Queiroz também informou sobre a existência de um intermediário entre Lessa e o mandante do crime: o ex-policial militar Edmilson da Silva de Oliveira, conhecido como Macalé, que teria passado a “missão” para o matador no fim de 2017. Provavelmente por “queima de arquivo”, ele foi assassinado em maio de 2021. O caso ainda não foi esclarecido.
Conforme Flávio Dino, houve uma “mudança de patamar” na investigação, que terá prosseguimento com novas operações da PF, nas próximas semanas, contra outros suspeitos, já identificados. “As instituições envolvidas terão os elementos necessários ao prosseguimento da investigação. Não há, de forma alguma, a afirmação de que a investigação se acha concluída, pelo contrário. O que acontece é uma mudança de patamar da investigação”, disse o ministro.
Bolsonaristas incomodados
Nesta terça-feira (25), Dino foi ao Twitter para informar que foi alvo de uma série de manifestações que revelam incômodos em relação ao avanço das investigações. Muitas delas de bolsonaristas, como Sergio Moro, ex-ministro da Justiça de Bolsonaro e atual senador.
E não é por menos. Quando ministro, Moro ordenou a PF a investigar Alberto Jorge Ferreira Mateus, o porteiro do condomínio onde moravam Jair Bolsonaro e o matador Ronnie Lessa, e onde o vereador Carlos Bolsonaro também tem uma residência.
Moro deu a ordem após o funcionário dizer, em depoimento à Polícia Civil, que, horas antes da morte de Marielle, Élcio Queiroz chegou ao condomínio dizendo que iria à casa 58, de Bolsonaro. O funcionário disse ainda ter ligado para a residência e ouvido alguém que se identificou como “Seu Jair” e autorizou a entrada do criminoso. Porém, ao ser ouvido pela PF, a mando de Moro, o porteiro disse que havia se equivocado. Mateus deixou de trabalhar no condomínio, e dele não se teve mais notícia.
“Me impressiona a quantidade de gente incomodada com o avanço das investigações do caso Marielle”, tuitou Flávio Dino. “Me impressiona mas não me intimida nem desmotiva. Vi de tudo nas ultimas 24 horas: disparates jurídicos proferidos por incompetentes; comentários grosseiros na TV; campanhas de desinformação via internet; reclamação pela presença da Polícia Federal nas investigações. Sabem o que mudou no nosso caminho de luta ? NADA”, enfatizou o ministro.
O incômodo dos bolsonaristas com o avanço das investigações tem razão de ser.

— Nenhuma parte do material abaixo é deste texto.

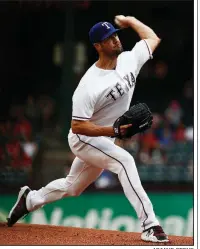  ?? AP/MIKE STONE ?? Texas Rangers pitcher Cole Hamels is 1-3 in his last five starts, allowing 25 earned runs in 22 innings. Despite his recent struggles, the left-hander could be a trade target for contending teams.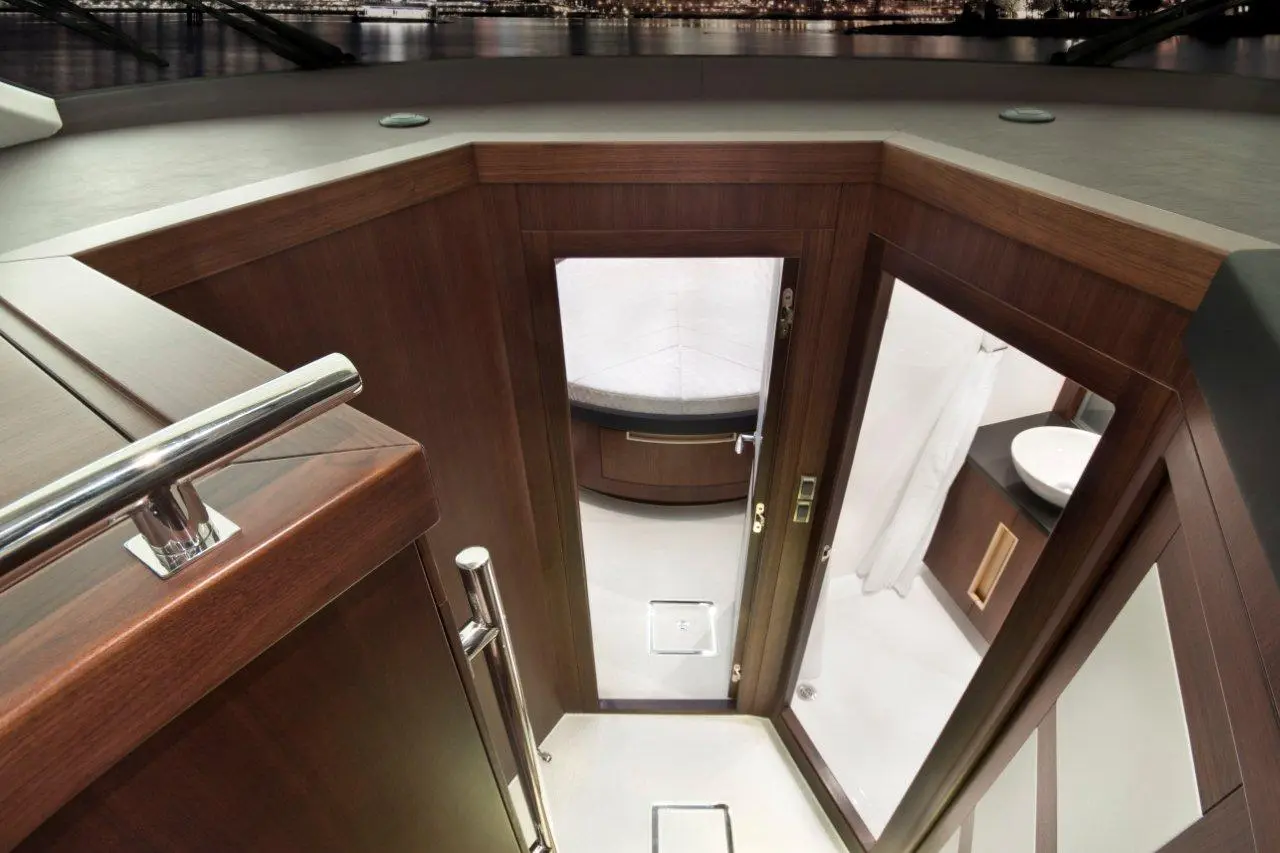 Interior view of a modern boat's bathroom with wooden accents, a shower area, and a circular sink.
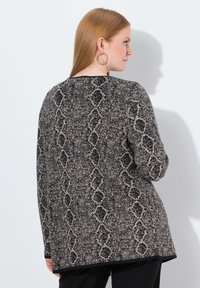 Sweter dzianinowy z czarnym i kremowym wzorem w węża, długimi rękawami, luźnym krojem i zaokrąglonym dołem, w połączeniu z okrągłymi kolczykami.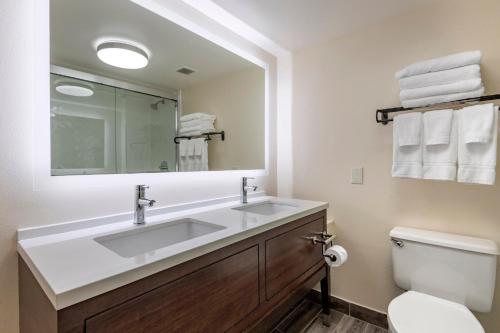 a bathroom with a sink and a toilet and a mirror at Holiday Inn Bangor by IHG in Bangor
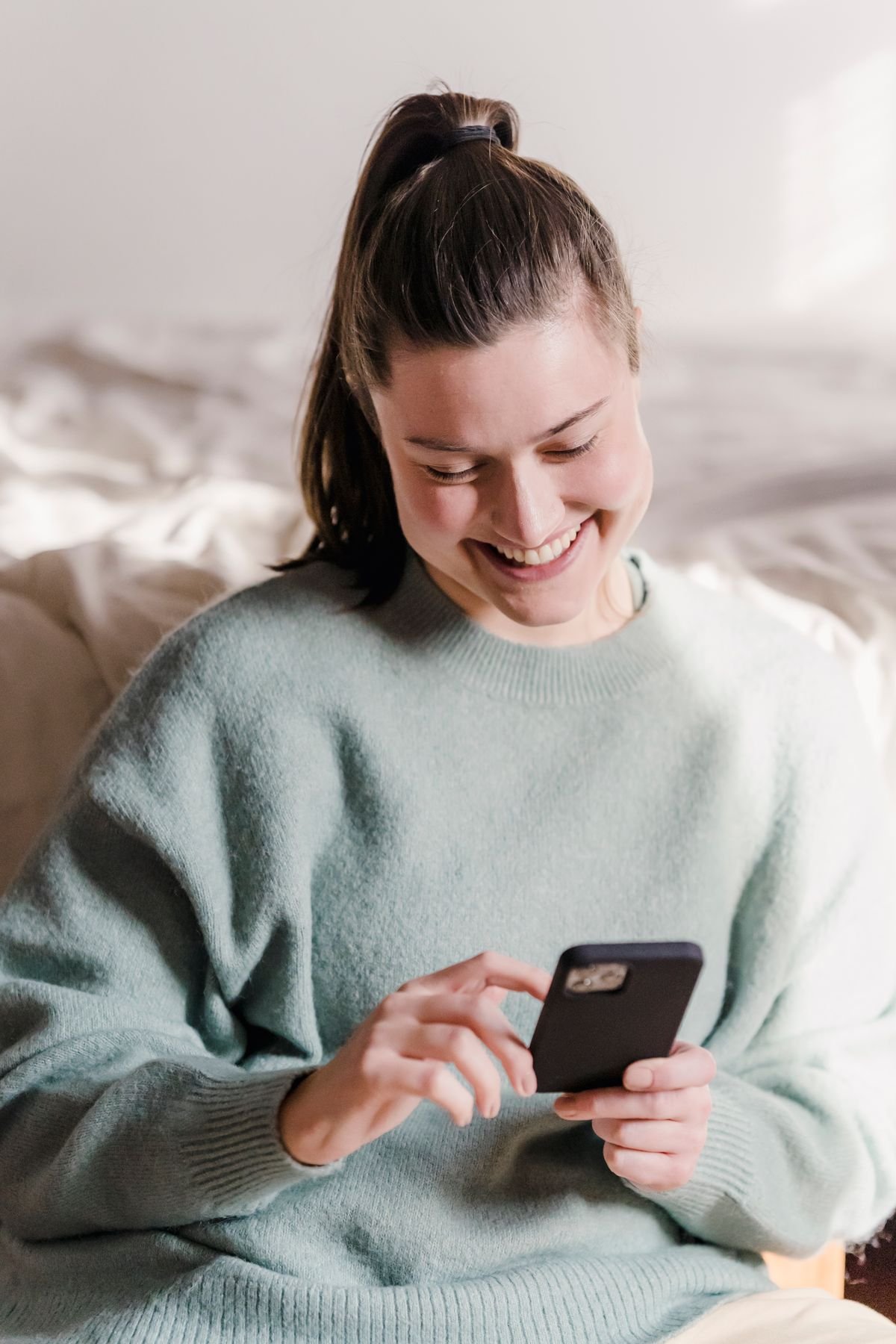 Smiling woman casually using her mobile phone at home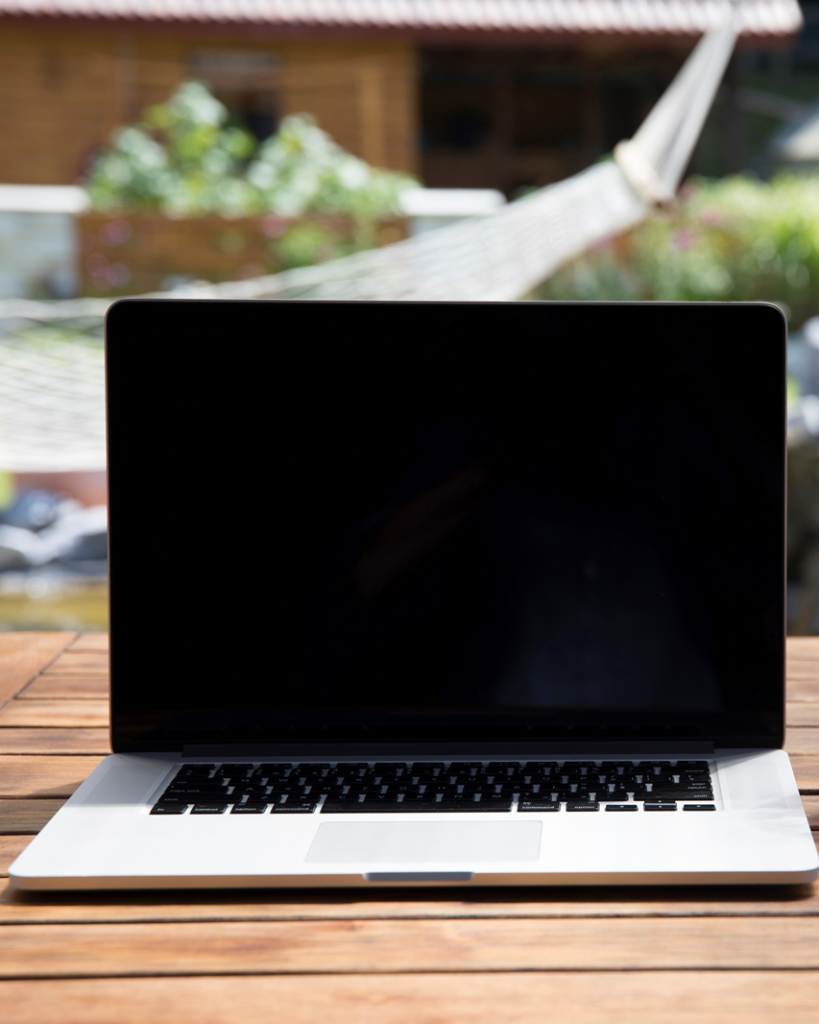 A laptop placed on a table used by a developer for game development.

Afinal, os três presos pelos assassinatos de Marielle e Anderson faziam parte do “escritório do crime”, um grupo de milicianos do Rio de Janeiro que tinha como chefe o ex-capitão da PM Adriano da Nóbrega, morto em uma operação policial na Bahia, em fevereiro de 2020. Ele era próximo da família Bolsonaro.
O senador Flávio Bolsonaro, quando era deputado estadual no Rio, empregou a mãe e a mulher de Adriano em seu gabinete, onde funcionava um esquema de “rachadinha” comandado pelo PM reformado Fabrício Queiroz, outro integrante do “escritório do crime” e também amigo da família do ex-presidente.
A proximidade de Jair Bolsonaro com os milicianos era tanta que, em 2005, quando era deputado federal pelo Rio de Janeiro, ele fez um discurso, da tribuna da Câmara, pedindo liberdade para Adriano da Nóbrega, que se encontrava preso, acusado de matar um flanelinha que havia denunciado integrantes de milícias. Àquela época, Nóbrega era tenente da PM.
“O Tenente, coitado, um jovem de vinte e poucos anos, foi condenado, mas não foi ele quem matou”, afirmou Bolsonaro, conforme registram os anais da Câmara. “Um brilhante oficial e, se não me engano, o primento da Academia da Polícia Militar”.